Train a neural network using the L-BFGS solver by specifying solverName as "lbfgs". Use the L-BFGS algorithm for small networks and data sets that you can process in a single batch. To customize the L-BFGS solver, use the Batch Solver Options properties.

This option supports the trainnet function only.

R2023b: Specify input and target data formats

Specify the input and target data formats using the InputDataFormats and TargetDataFormats options, respectively.

This option supports the trainnet function only.

R2023b: Train neural network in parallel using only CPU or only GPU resources

Train a neural network in parallel using specific hardware resources by specifying theExecutionEnvironment as "parallel-cpu" or"parallel-gpu".

This option supports the trainnet function only.

R2023b: BatchNormalizationStatistics default is "auto"

Starting in R2023b, the BatchNormalizationStatistics training option default value is "auto".

This change does not affect the behavior of the function. If you have code that checks the BatchNormalizationStatistics property, then update your code to account for the "auto" option.

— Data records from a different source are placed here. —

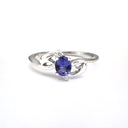 Decorative White Gold Tanzanite and Diamond Ring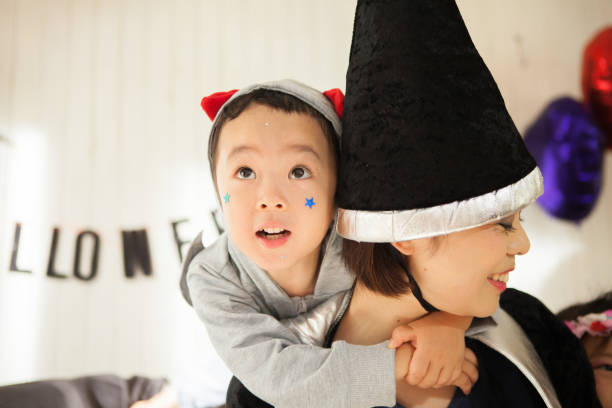 istock A witch labored a mouse at a halloween party. 843072066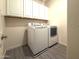 Laundry room featuring white appliances and matching wall cabinets for storage at 2727 N Acacia Way, Buckeye, AZ 85396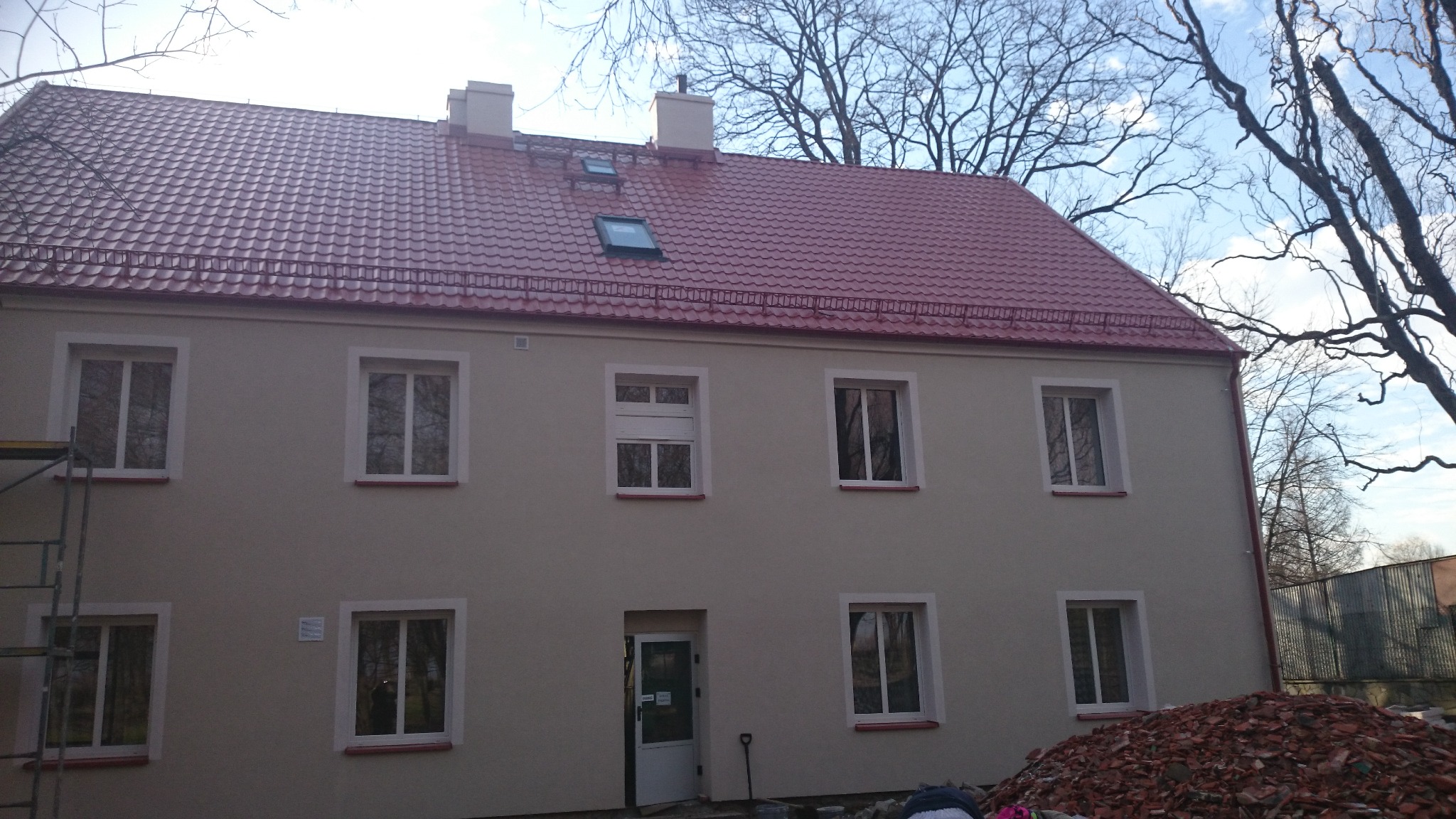 Budynek dwukondygnacyjny z nowym, czerwonym dachem z dachówką, ocieploną elewacją w kolorze beżowym, widoczne okna z białymi ramami, częściowo rozstawione rusztowanie z lewej strony, oraz sterta...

R2022b: trainNetwork pads mini-batches to length of longest sequence before splitting when you specify SequenceLength training option as an integer

Starting in R2022b, when you train a neural network with sequence data using the trainNetwork function and the SequenceLength option is an integer, the software pads sequences to the length of the longest sequence in each mini-batch and then splits the sequences into mini-batches with the specified sequence length. If SequenceLength does not evenly divide the sequence length of the mini-batch, then the last split mini-batch has a length shorter than SequenceLength. This behavior prevents the neural network training on time steps that contain only padding values.

In previous releases, the software pads mini-batches of sequences to have a length matching the nearest multiple of SequenceLength that is greater than or equal to the mini-batch length and then splits the data. To reproduce this behavior, use a custom training loop and implement this behavior when you preprocess mini-batches of data.

R2018b: ValidationPatience training option default is Inf

Starting in R2018b, the default value of the ValidationPatience training option is Inf, which means that automatic stopping via validation is turned off. This behavior prevents the training from stopping before sufficiently learning from the data.

In previous versions, the default value is 5. To reproduce this behavior, set the ValidationPatience option to 5.

R2018b: Different file name for checkpoint networks

Starting in R2018b, when saving checkpoint networks, the software assigns file names beginning with net_checkpoint_. In previous versions, the software assigns file names beginning withconvnet_checkpoint_.

If you have code that saves and loads checkpoint networks, then update your code to load files with the new name.